RECORDS SHOWN:
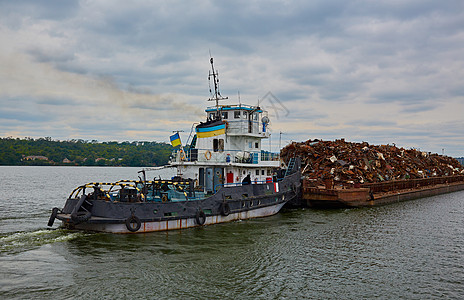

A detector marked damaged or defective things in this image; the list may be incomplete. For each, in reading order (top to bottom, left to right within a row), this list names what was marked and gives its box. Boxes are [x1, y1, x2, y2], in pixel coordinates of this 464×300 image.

rusty scrap metal [280, 139, 462, 188]
rusty barge hull [302, 176, 464, 209]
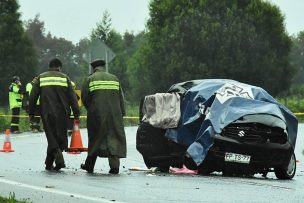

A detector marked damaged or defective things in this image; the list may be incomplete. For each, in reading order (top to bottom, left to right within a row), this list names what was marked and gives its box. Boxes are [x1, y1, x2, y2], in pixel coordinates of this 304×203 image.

wrecked car [137, 79, 298, 179]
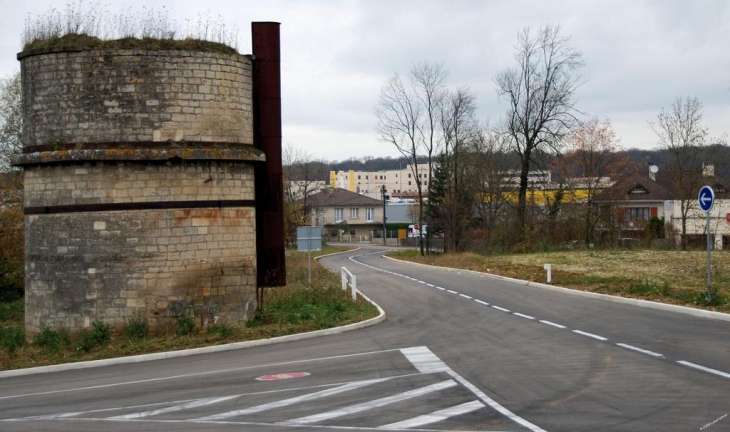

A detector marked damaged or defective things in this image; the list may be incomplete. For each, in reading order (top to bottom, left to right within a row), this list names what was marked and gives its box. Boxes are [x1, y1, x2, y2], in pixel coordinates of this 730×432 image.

rusty metal beam [250, 22, 284, 288]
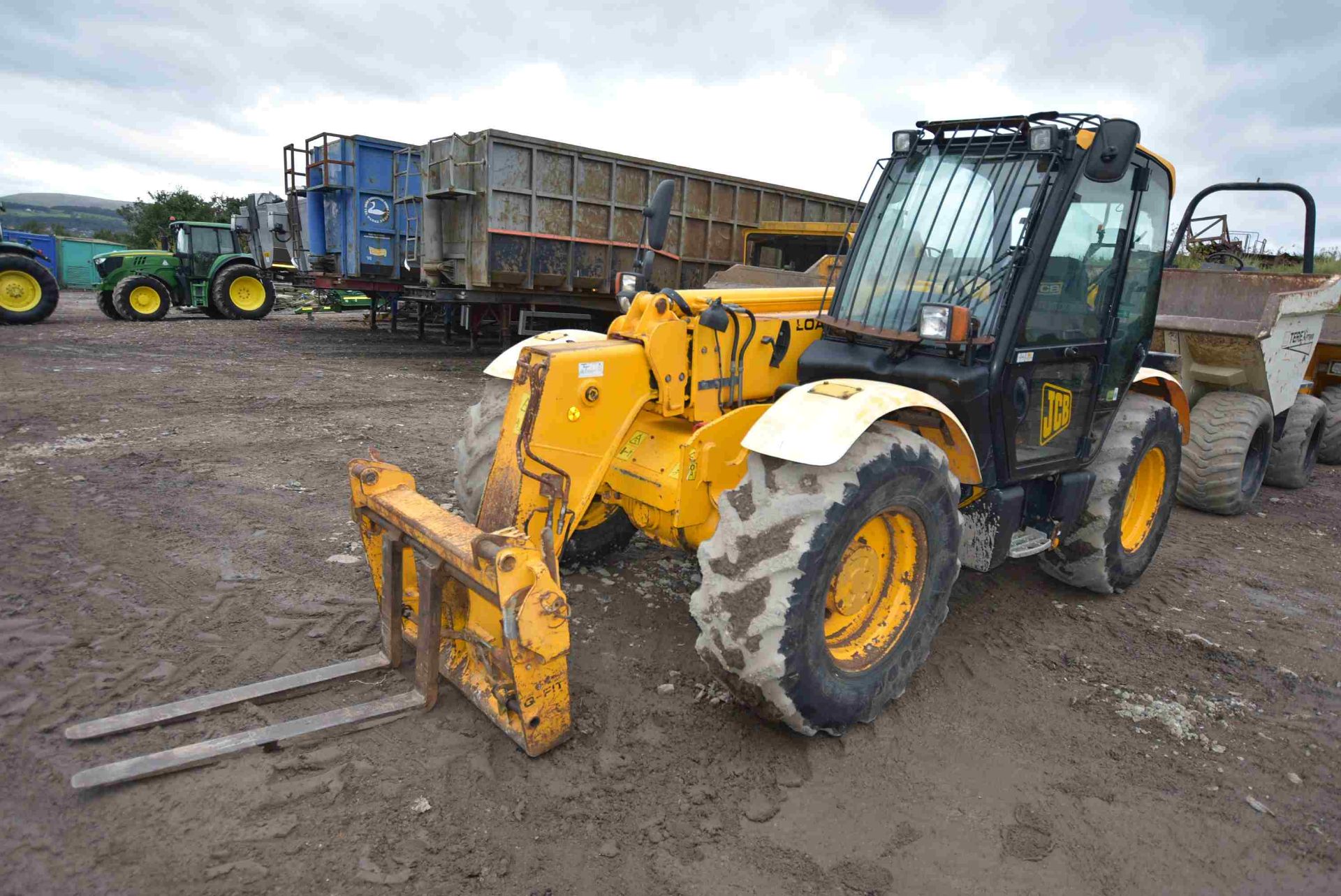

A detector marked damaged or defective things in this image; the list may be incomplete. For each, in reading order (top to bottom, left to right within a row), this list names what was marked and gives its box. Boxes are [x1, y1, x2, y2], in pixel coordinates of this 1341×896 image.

rusty metal container [402, 130, 860, 296]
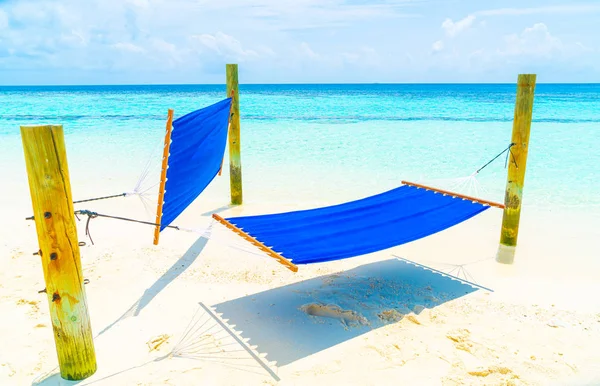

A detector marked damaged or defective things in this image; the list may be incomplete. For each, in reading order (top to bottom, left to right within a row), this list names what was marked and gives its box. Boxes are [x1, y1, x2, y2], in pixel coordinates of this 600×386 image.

post with peeling paint [20, 124, 97, 380]
post with peeling paint [226, 64, 243, 205]
post with peeling paint [496, 74, 540, 264]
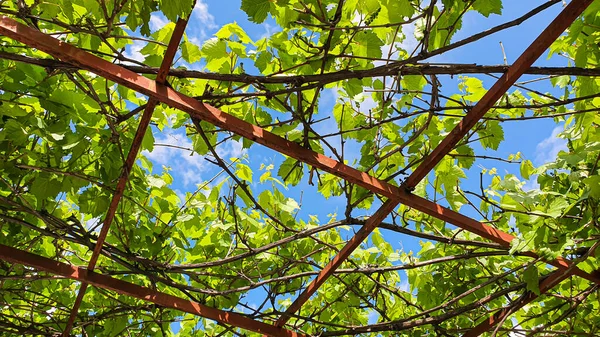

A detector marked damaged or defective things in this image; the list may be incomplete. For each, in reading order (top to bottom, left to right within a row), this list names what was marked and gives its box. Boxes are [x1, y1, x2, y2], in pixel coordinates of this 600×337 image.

rusty metal beam [60, 18, 188, 336]
rusty metal beam [0, 244, 304, 336]
rusty metal beam [0, 17, 596, 288]
rusty metal beam [400, 0, 592, 189]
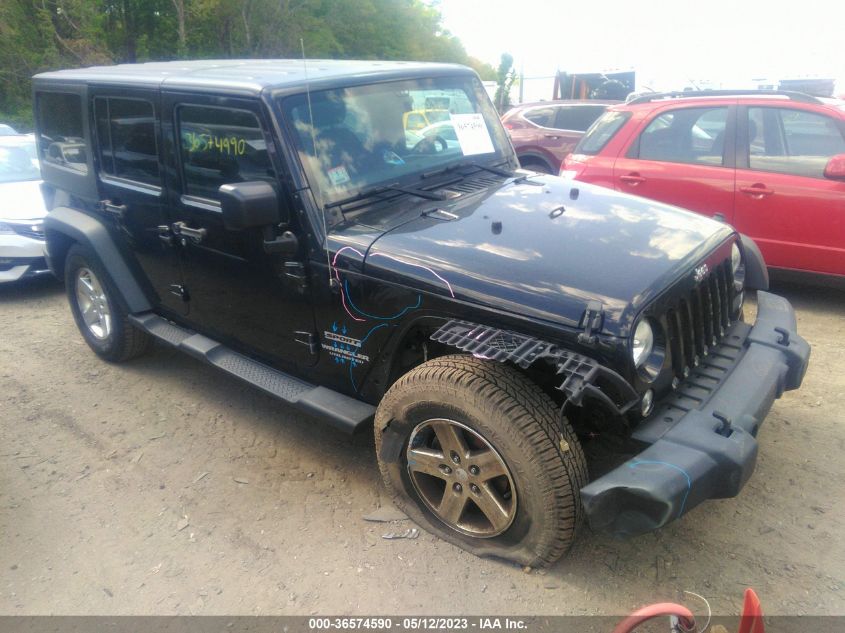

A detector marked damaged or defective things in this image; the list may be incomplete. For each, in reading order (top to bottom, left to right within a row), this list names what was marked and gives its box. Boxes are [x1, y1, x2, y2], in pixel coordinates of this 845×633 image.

damaged front bumper [576, 292, 808, 540]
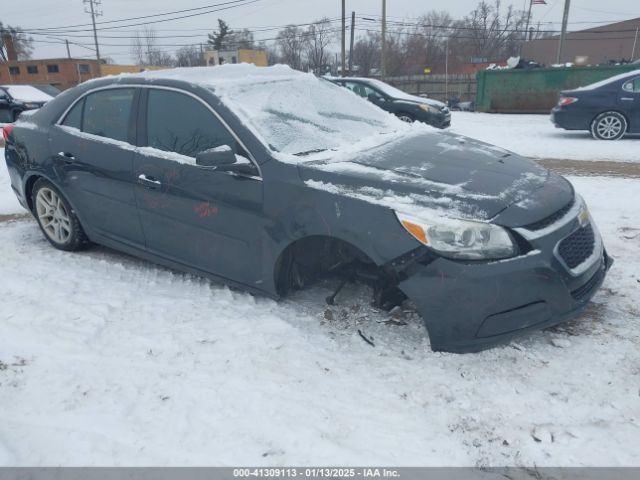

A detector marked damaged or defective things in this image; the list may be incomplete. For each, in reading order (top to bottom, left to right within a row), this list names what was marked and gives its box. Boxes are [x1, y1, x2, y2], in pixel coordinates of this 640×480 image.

damaged chevrolet malibu [5, 64, 616, 352]
cracked headlight [392, 213, 516, 260]
crumpled front bumper [398, 205, 612, 352]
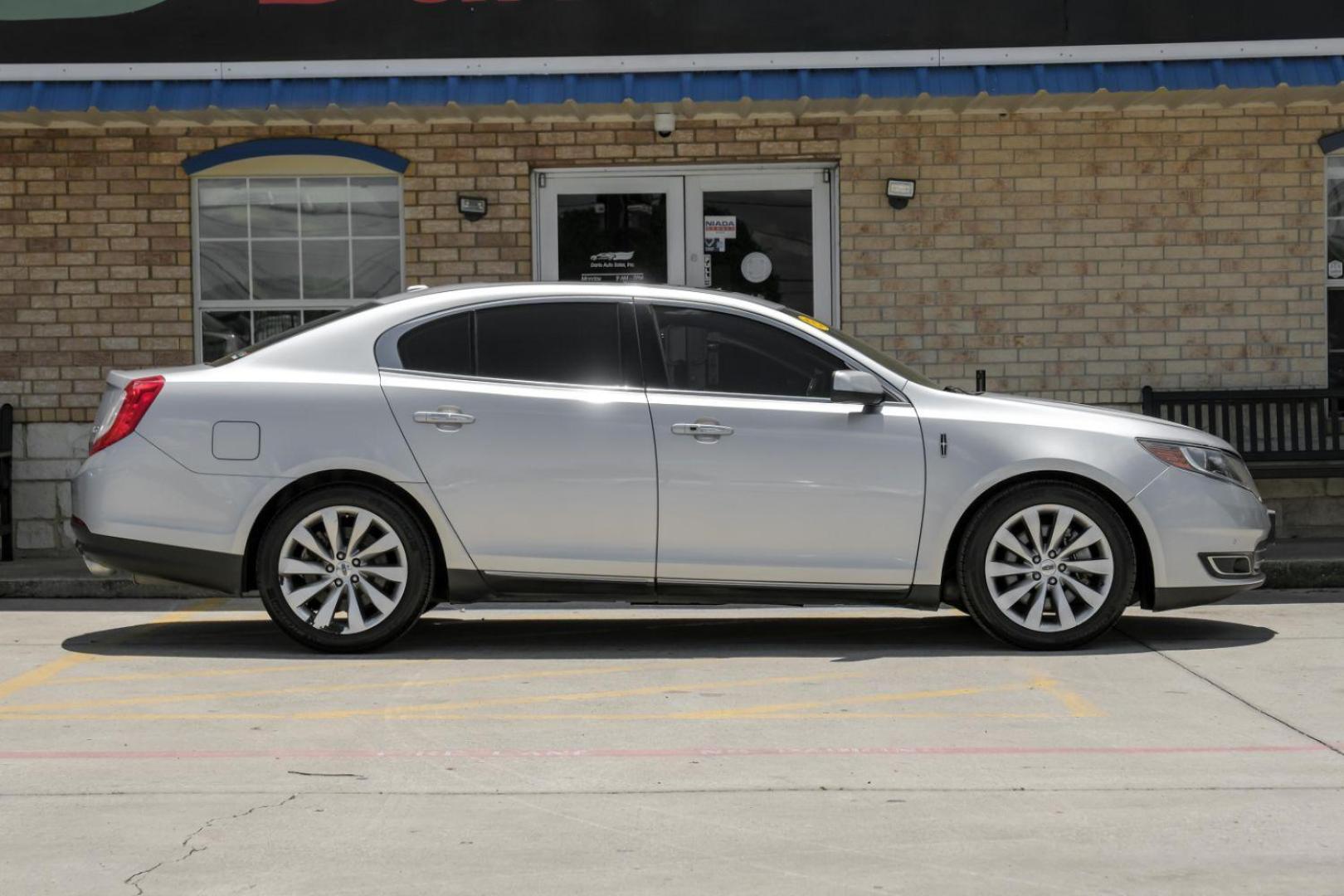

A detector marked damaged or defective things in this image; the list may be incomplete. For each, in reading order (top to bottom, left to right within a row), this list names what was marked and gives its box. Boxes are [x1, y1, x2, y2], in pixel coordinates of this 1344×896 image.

crack in concrete [1113, 623, 1344, 762]
crack in concrete [123, 795, 297, 892]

EXERCISE INSTRUCTIONS: Give the entries above again word for word, without any pictures.

SOLUTION TO THIS EXERCISE:
A detector marked damaged or defective things in this image; the list may be incomplete. For each, in reading order (top to bottom, left to right within a row), this list names what was marked and gives its box. Boxes are [x1, y1, x2, y2], in pixel coordinates of this 464×300 image.

rusty scrap metal [280, 139, 462, 188]
rusty barge hull [302, 176, 464, 209]

A detector marked damaged or defective things in this image; the list may be incomplete. For each, in reading order (top to bottom, left to right within a row), this list names what was marked and gives its box. Boxes are [x1, y1, x2, y2], in pixel coordinates of this 304×203 image.

wrecked car [137, 79, 298, 179]

A detector marked damaged or defective things in this image; the list may be incomplete. For each, in reading order (top to bottom, left to right within a row), this list names what was marked and gives its box. Boxes are [x1, y1, x2, y2], in pixel coordinates of this 730×432 image.

rusty metal beam [250, 22, 284, 288]

A detector marked damaged or defective things in this image; the list may be incomplete. For each, in reading order (top to bottom, left to right within a row), this list names what was marked and gives its box. Boxes are [x1, y1, x2, y2], in pixel coordinates of this 1341×896 image.

rusty metal container [402, 130, 860, 296]

A detector marked damaged or defective things in this image; the list may be incomplete. For each, in reading order (top to bottom, left to right within a row), this list names what was marked and gives its box. Boxes are [x1, y1, x2, y2], in pixel coordinates of this 600×386 image.

post with peeling paint [20, 124, 97, 380]
post with peeling paint [226, 64, 243, 205]
post with peeling paint [496, 74, 540, 264]

A detector marked damaged or defective things in this image; the list may be incomplete. For each, in reading order (top to bottom, left to right within a row), this list names what was marked and gives its box. Boxes are [x1, y1, x2, y2], in pixel coordinates of this 600×337 image.

rusty metal beam [60, 18, 188, 336]
rusty metal beam [0, 244, 304, 336]
rusty metal beam [0, 17, 596, 288]
rusty metal beam [400, 0, 592, 189]

A detector marked damaged or defective things in this image; the list may be incomplete. For each, in reading order (top to bottom, left to right within a row), this list names what was marked and gives its box. Boxes are [x1, y1, x2, y2], in pixel coordinates of this 845×633 image.

damaged front bumper [576, 292, 808, 540]

A detector marked damaged or defective things in this image; the list may be incomplete. For each, in reading order (top to bottom, left to right within a row), this list names what was marked and gives its box. Boxes are [x1, y1, x2, y2], in pixel coordinates of this 640×480 image.

damaged chevrolet malibu [5, 64, 616, 352]
cracked headlight [392, 213, 516, 260]
crumpled front bumper [398, 205, 612, 352]

A detector marked damaged or defective things in this image; the list may be incomplete. For each, in reading order (top to bottom, left to right within a row), this list names what was marked and gives its box. Boxes are [x1, y1, x2, y2], in pixel coordinates of this 1344×896 image.

crack in concrete [1113, 623, 1344, 762]
crack in concrete [123, 795, 297, 892]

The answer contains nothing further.